The controversy, between the three daughters of Dr. Thistle on one side and his son on the other, and the scope of the decree appealed from, are well presented by the following excerpt from the paper book of the former, who are appellants in this court: “At the audit, appellants contended they were entitled to payment of all the accumulations of income which accrued between the date of testator’s death and settlement of the account, on the portion of the estate included within item seven of the will, and also that they were entitled, presently, to payment and delivery of all the principal of this portion of the estate......Archibald Thistle [the son] contended these accumulations of income were distributable, under the intestate laws, to the three appellants and himself in equal proportions, and denied the right of appellants to payment and delivery, presently, of the princi*63pal of this portion of the estate.

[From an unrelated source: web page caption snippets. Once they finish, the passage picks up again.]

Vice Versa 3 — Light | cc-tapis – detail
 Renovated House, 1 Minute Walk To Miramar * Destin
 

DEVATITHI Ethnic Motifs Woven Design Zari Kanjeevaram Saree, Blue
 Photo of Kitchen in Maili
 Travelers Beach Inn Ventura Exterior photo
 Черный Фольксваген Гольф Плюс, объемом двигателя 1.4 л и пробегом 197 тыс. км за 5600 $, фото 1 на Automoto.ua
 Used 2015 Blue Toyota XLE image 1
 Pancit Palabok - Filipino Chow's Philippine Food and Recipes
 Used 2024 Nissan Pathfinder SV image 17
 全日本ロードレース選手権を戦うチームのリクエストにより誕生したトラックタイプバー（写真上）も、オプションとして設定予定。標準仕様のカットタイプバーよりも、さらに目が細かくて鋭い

The auditor found and reported......that the accumulations were distributable, under the intestate laws, to appellants and Archibald Thistle, in equal proportions, and that appellants were not entitled, presently, to payment and delivery of the principal of this portion of the estate”; both of these conclusions, affirmed by the court below, are attacked on this appeal.

Before discussing the part of the will with which we are particularly concerned, it seems expedient to summarize the instrument as a whole, placing the item in question (No. 7), out of order, at the end.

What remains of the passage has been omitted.